Iran

Voilà déjà 5 mois que je suis de retour à Genève pour travailler. Deux mois que Raphaël a pris la route au volant de son van aménagé. Quatre semaines se sont écoulées depuis ma petite escapade le temps d'un week-end à Istanbul. Et me voilà dans l'avion pour deux semaines de vacances en Iran. A l'atterrissage déjà, je prends une respiration profonde et couvre mes cheveux. C'est le début d'une nouvelle aventure. Arrivée à Tehran à 4h du matin, j'enchaine avec 5 heures de bus pour Rasht où m'attend Raphael. Un simple sourire échangé, je monte à bord du van et nous rejoignons la mer Caspienne, une mer d'huile. Malgré la fraîcheur de l'air et de l'eau, je ne peux m'empêcher de me baigner, toute habillée.

Après une bonne nuit de repos bercée par le doux bruit des vaguelettes, nous prenons la route pour rejoindre le village de Masouleh entouré de montagnes. En route, je suis surprise de découvrir des kilomètres de rizières ainsi que des plantations de thé. Masouleh est construit de sorte que les ruelles et les terrasses sont en réalité les toits des maisons qui se superposent les unes sur les autres. Installés pour la nuit sur le flanc opposé de la vallée, nous avons une vue fabuleuse sur le village ainsi que les montagnes enneigées illuminées par la presque pleine lune.

A une cinquantaine de kilomètres de là, la forteresse de Rudkhan, ancien complexe militaire est perchée sur une montagne entourée de végétation verdoyante. Les quelques courageux à avoir gravi les marches jusqu'au sommet semblent être principalement des couples à la recherche d'un lieu à l'écart des regards.

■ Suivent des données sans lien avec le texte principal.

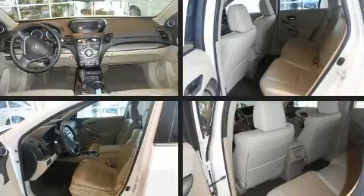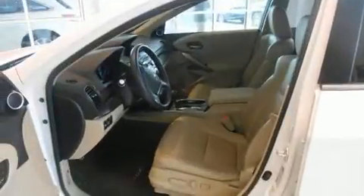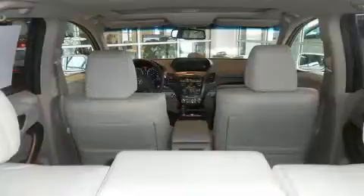Acura ensures the safety and security of its passengers with equipment such as front-side impact airbags, a security system, and four-wheel disc brakes with ABS.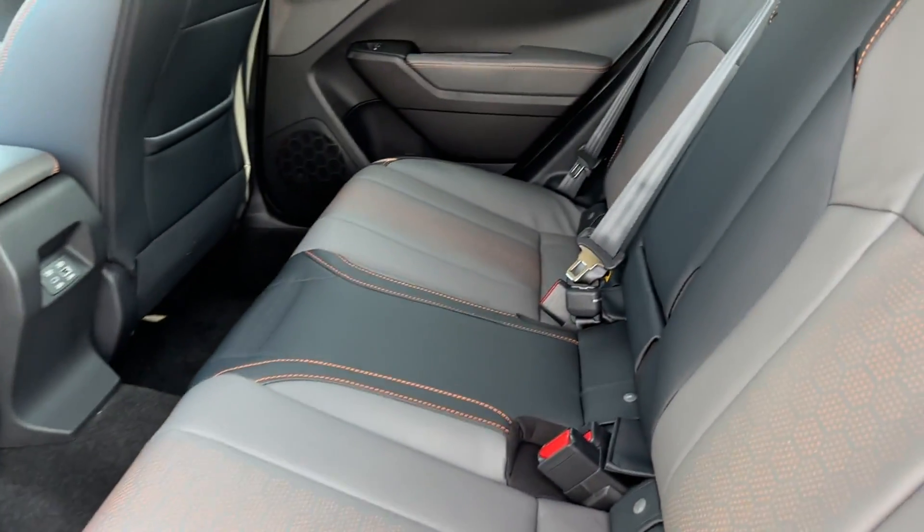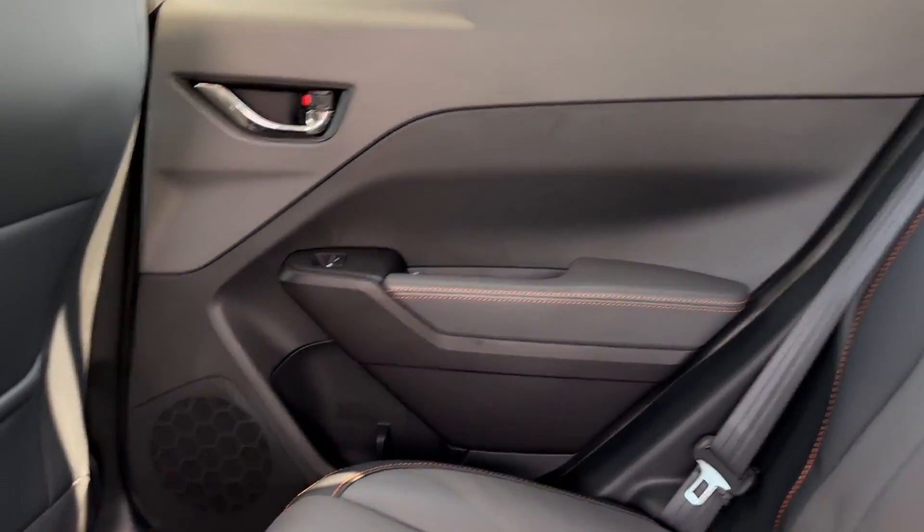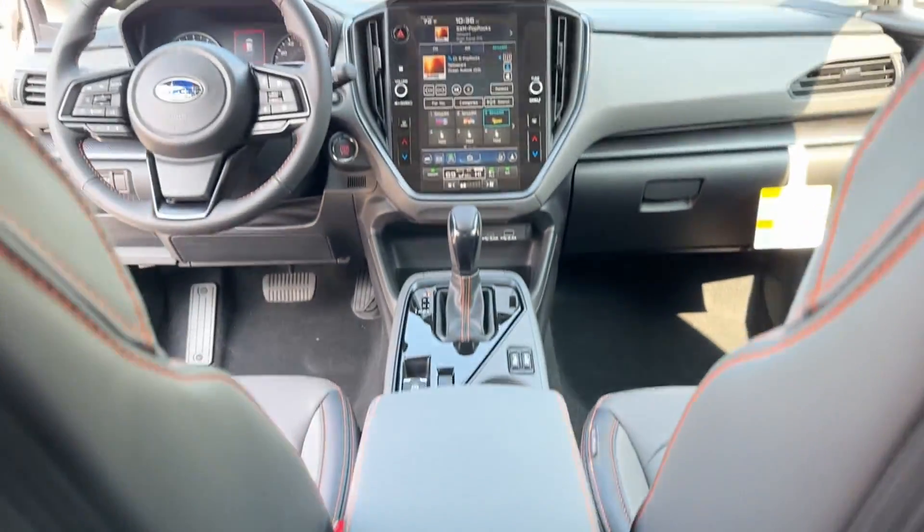Heated Side View Mirrors. Leather Seats. Backup Camera. Tinted Windows. Power Driver Seat. Pass-Through Rear Seat. Bluetooth. Brake Assist.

Difficile de passer inaperçu dans ce pays. Welcome to Iran ! Après s'être rassuré que tout va bien, que nous connaissons notre chemin et qu'il ne nous manque rien, ils s'intéressent à l'image que les occidentaux portent sur l'Iran ainsi qu'à notre propre expérience dans le pays. Certains osent la question du mariage et comprennent la réponse sans que nous ayons à y répondre. Lors d'une pause déjeuné dans un village, le patron nous invite à prendre place en nous faisant signe de patienter. Son fils qui travaille dans l'arcade voisine ferme boutique et nous rejoint pour faire les traductions. Des les premiers échanges, il nous invite à passer la nuit chez eux. Malheureusement je ne suis pas en voyage mais en vacances et le temps est limité. Au cours du repas, un comité d'une dizaine de personnes s'est créé autour de nous. Sa femme et son frère ont même fait le déplacement jusqu'au restaurant pour venir nous saluer. Chacun pose des questions au fils qui fait le tri avant de nous traduire.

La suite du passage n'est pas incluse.